Selon la ministre Arianne Navarre-Marie, « le commissaire a également exprimé son extrême mécontentement face à la manière dont cette dame a été traitée. Malheureusement, une poignée de brebis galeuses ternissent la réputation de la police. »

La police justifie les menottes aux mains et aux pieds

Alors que l’image d’Izna Gulzar, entravée et filmée à son insu, continue de susciter une vive polémique sur les réseaux sociaux, l’inspecteur Shiva Coothen, porte-parole du Police Press Office, affirme que l’influenceuse a été arrêtée et conduite à l’hôpital Dr A. G. Jeetoo à sa demande. Cependant, au cours de ce transfert, elle aurait tenté de s’échapper, adoptant un comportement qualifié de « très agressif et violent » envers les policiers. L’inspecteur Coothen rapporte qu’elle aurait également proféré des injures à l’encontre des agents et du personnel soignant.

Face à cette situation, les autorités affirment n’avoir eu d’autre choix que de recourir aux menottes, tant aux mains qu’aux pieds, pour la maîtriser. « Cette intervention s’est déroulée dans le respect des droits humains, sans usage excessif de la force », insiste l’inspecteur Coothen, précisant que seule la force nécessaire a été employée pour neutraliser la situation.
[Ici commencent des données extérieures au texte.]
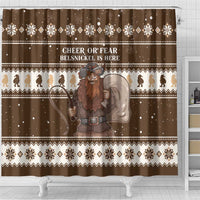 Funny Christmas Belsnickel Shower Curtain Impish Or Admirable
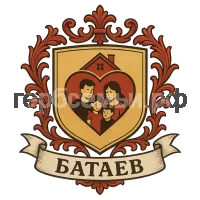 Герб семьи Батаев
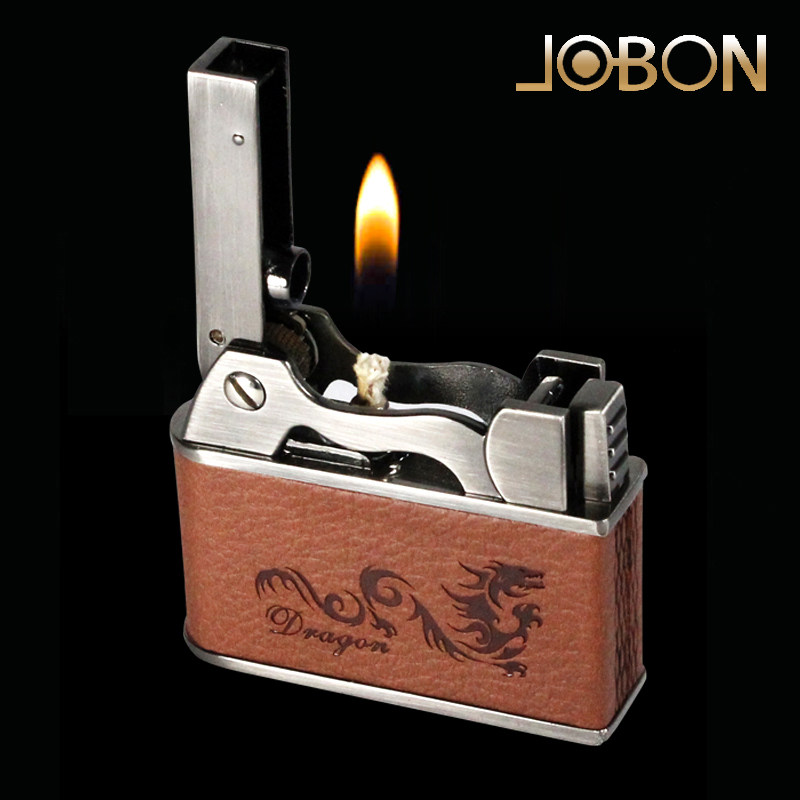 Mid-Bang Kerosene Lighter Men's Creative Retro Personality Windproof Ultra Slim Old Like Flip Flop Style Man
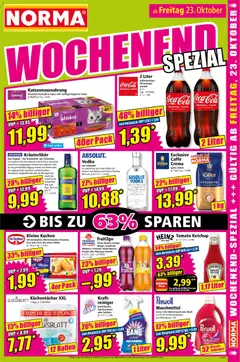 Norma Prospekt ab 19.10.2026 gültig | Seite: 15 | Produkte: Kaffee, Perwoll, Grapefruit, Waschmittel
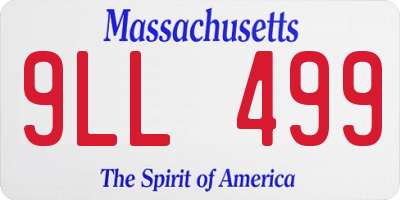 MA license plate 9LL499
De manière plus générale, l’inspecteur Shiva Coothen rappelle les protocoles en vigueur. Lorsqu’un suspect arrêté fait preuve de violence, s’en prend aux forces de l’ordre ou aux personnes présentes, ou représente un danger pour autrui, la police est autorisée à utiliser tous les moyens légaux pour le maîtriser. « Dans de tels cas, il est normal que les agents agissent pour garantir la sécurité de tous », conclut-il.
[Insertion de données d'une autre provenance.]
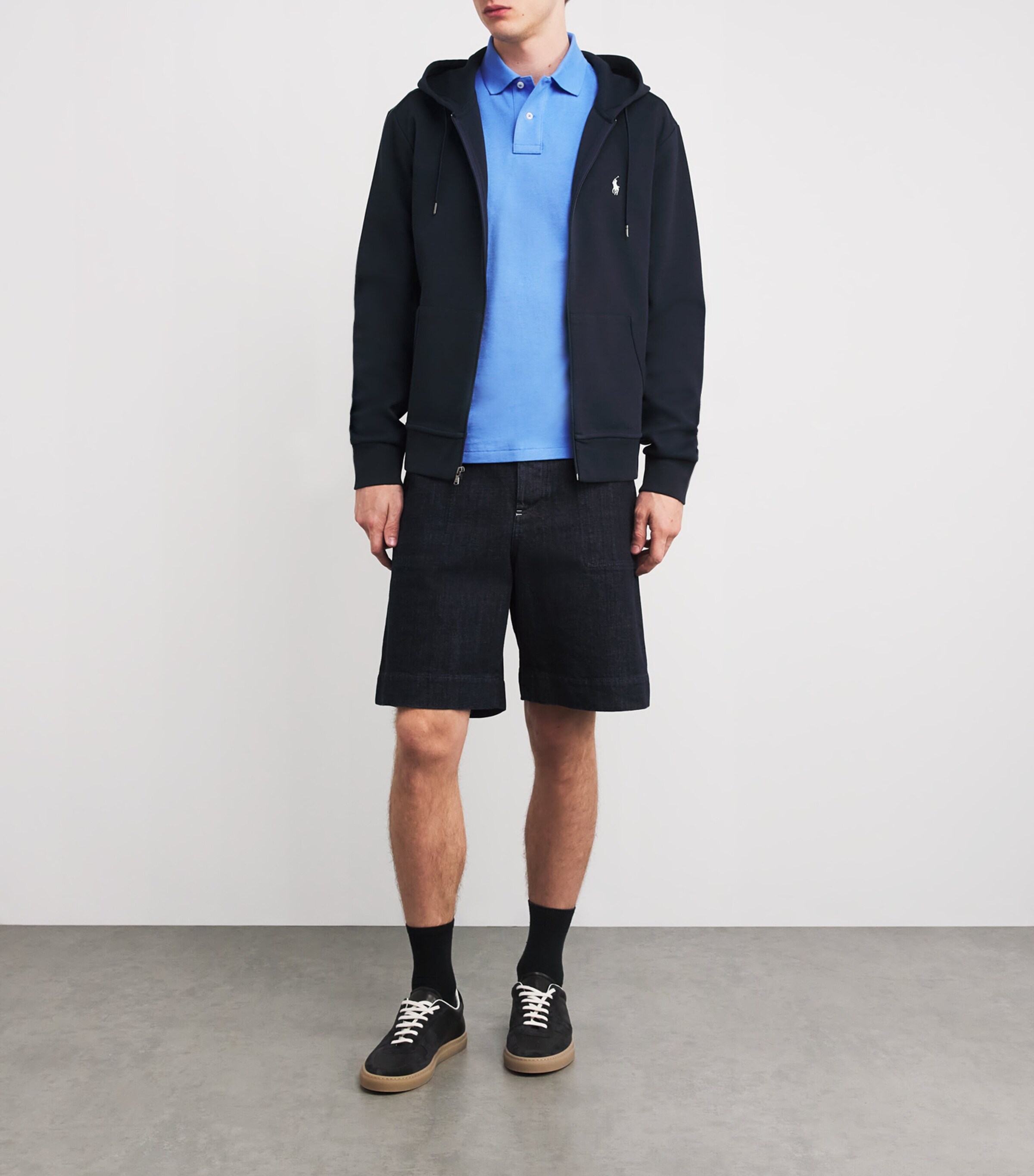 Polo Pony Zip-Up Hoodie AVIATOR NAVY Image 2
Une policière porte plainte contre Izna Gulzar et son époux

Une policière ayant participé à l’arrestation de la TikTokeuse Izna Gulzar a porté plainte pour infraction à l’ICT Act. Elle accuse Izna Gulzar et son époux de l’avoir filmée durant l’opération, avant de diffuser des extraits sur les réseaux sociaux.

Dans une plainte enregistrée au poste de police de Flacq, le mardi 22 avril, la Woman Police Constable (WPC) relate qu’elle faisait partie de l’équipe chargée d’appréhender la TikTokeuse samedi soir. Selon elle, Izna Gulzar s’est montrée réticente lors de l’intervention, bien qu’elle ait été informée de l’existence d’un mandat d’arrêt émis contre elle. « Kifer samdi mem zot trouv pou vinn aret mwa ? Warrant inn sorti depi le 9 avril… » aurait-elle lancé aux policiers.
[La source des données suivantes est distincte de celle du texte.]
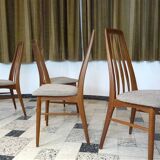 Set of 4 Model 'Eva' Dining Chairs by Niels Koefoed for Koefod Møbelfabrik, Denmark 1960s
La WPC affirme qu’au cours de l’opération, Izna Gulzar s’est adressée à son époux, qui aurait alors commencé à filmer la scène à l’aide de son téléphone portable. D’après la policière, ce dernier a enregistré toute l’arrestation sans le consentement des policiers présents. La policière précise également que la TikTokeuse a été traitée de manière respectueuse après son arrestation, avant d’être placée en détention en attendant sa comparution devant la justice. 

Ce n’est qu’après avoir constaté la circulation de plusieurs vidéos sur TikTok et d’autres plateformes, accompagnées de commentaires qu’elle juge préjudiciables, qu’elle a décidé de porter plainte. Selon ses déclarations, lundi soir, après sa libération, Izna Gulzar a publié une vidéo sur son profil TikTok pour dénoncer le traitement que lui aurait réservé la police. D’autres utilisateurs auraient également réalisé des montages vidéo, que la policière estime dégradants et portant atteinte à l’image de l’intervention.

Elle affirme que ces publications ont porté atteinte à sa réputation professionnelle et familiale. En poste depuis deux ans, la WPC a remis plusieurs captures d’écran à la police pour les besoins de l’enquête.